◆ Work instructions: When you reach the line containing "A Close Up Of" in the records below, set it down exactly, together with every later line through the end, but not the pictures.

################

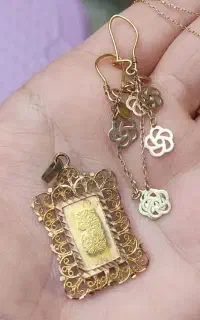سالم گوشواره دو گرم النگو 7گرم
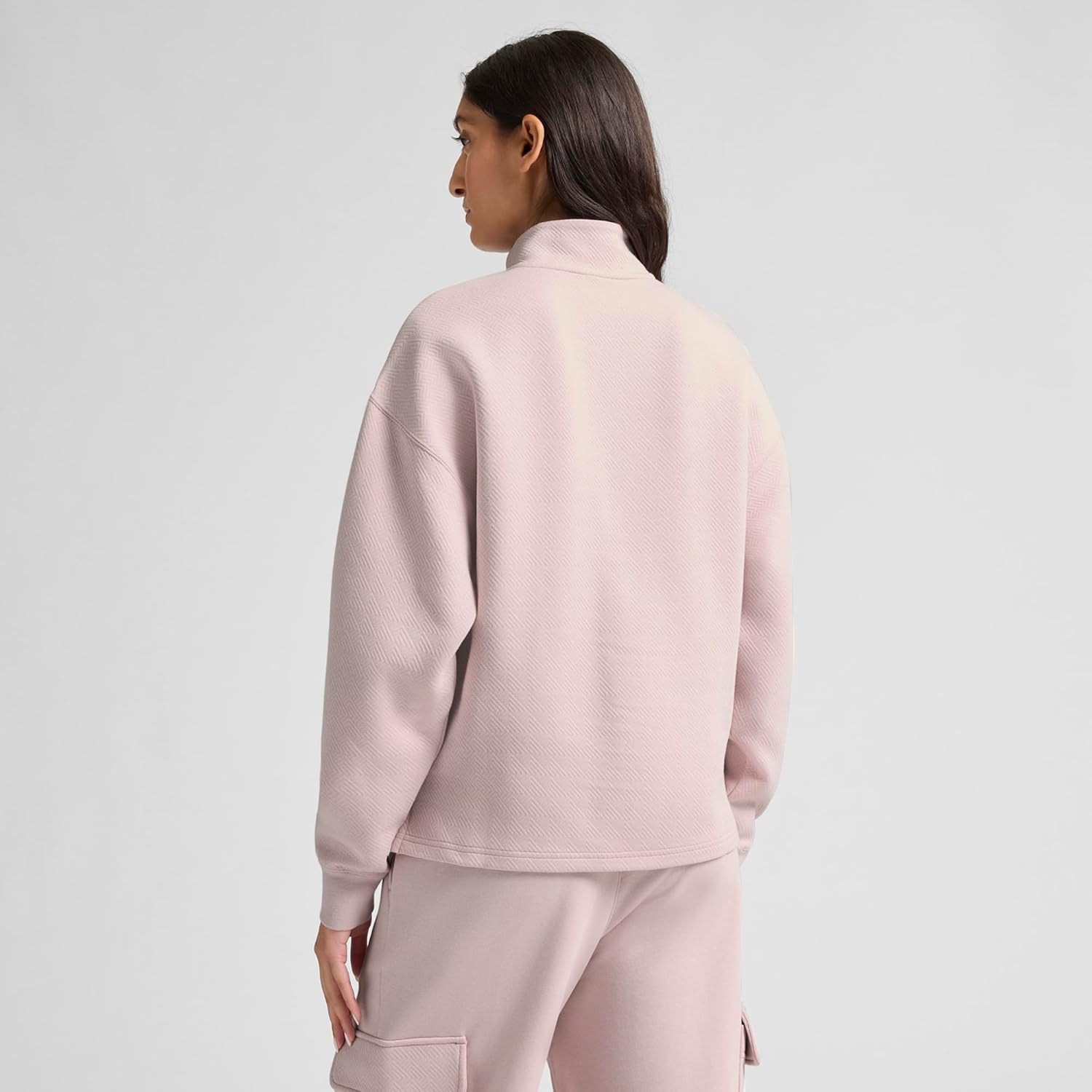 image:imagePuma Womens Essentials Elevated Half Snap Long Sleeve PulloverMauve Mist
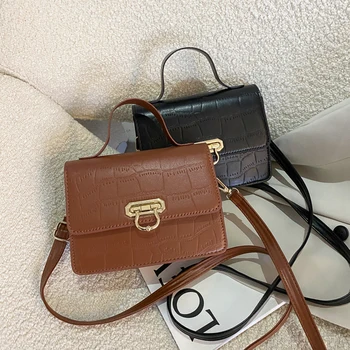 

Women Bags 2020 New Designer Crocodile Pattern Handbag Female Chain Bag Lock Purses Pu Leather Small Square Shoulder Bag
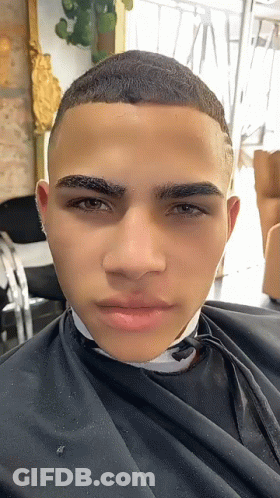 A Close Up Of A Man 'S Face With A Black Cape On GIF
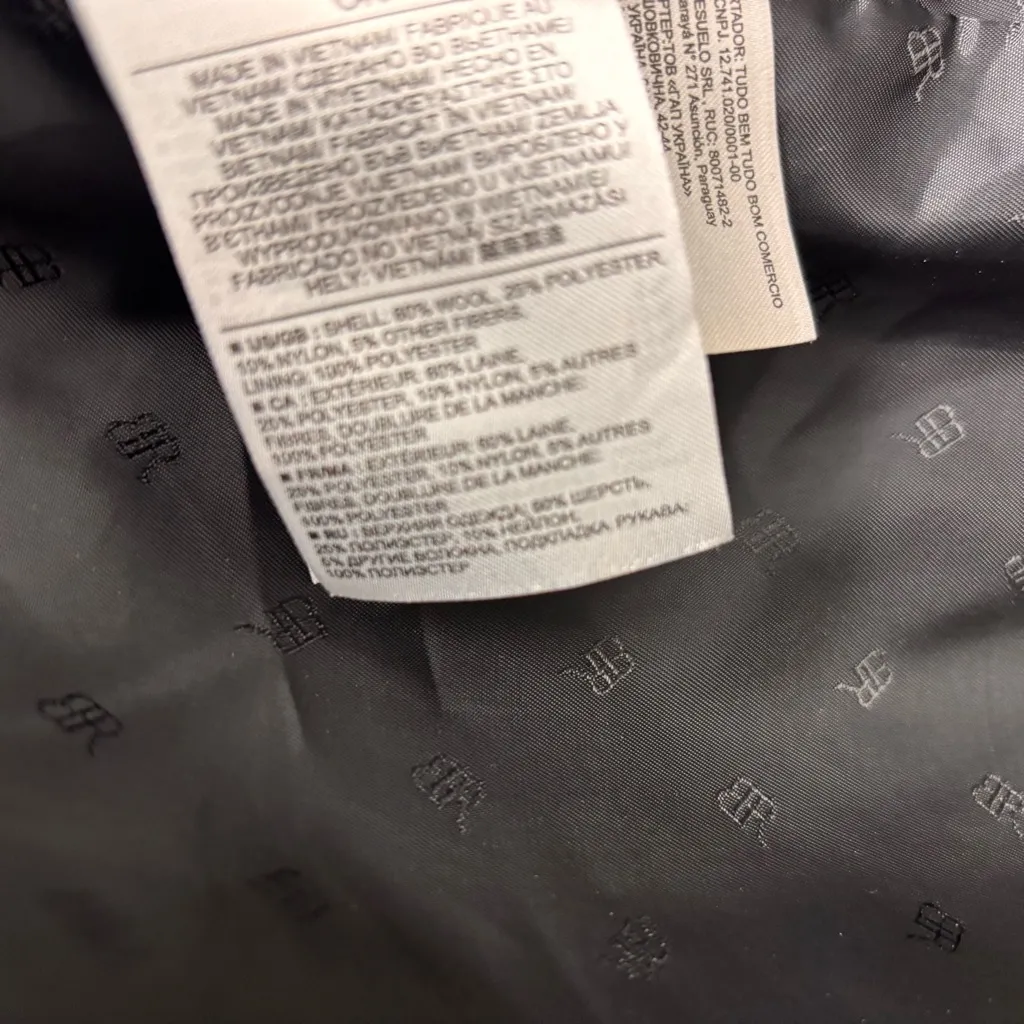 Banana Republic black wool blend duffle coat or jacket womens Small - Image 6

################

◆ Result for this task:
 A Close Up Of A Man 'S Face With A Black Cape On GIF
 Banana Republic black wool blend duffle coat or jacket womens Small - Image 6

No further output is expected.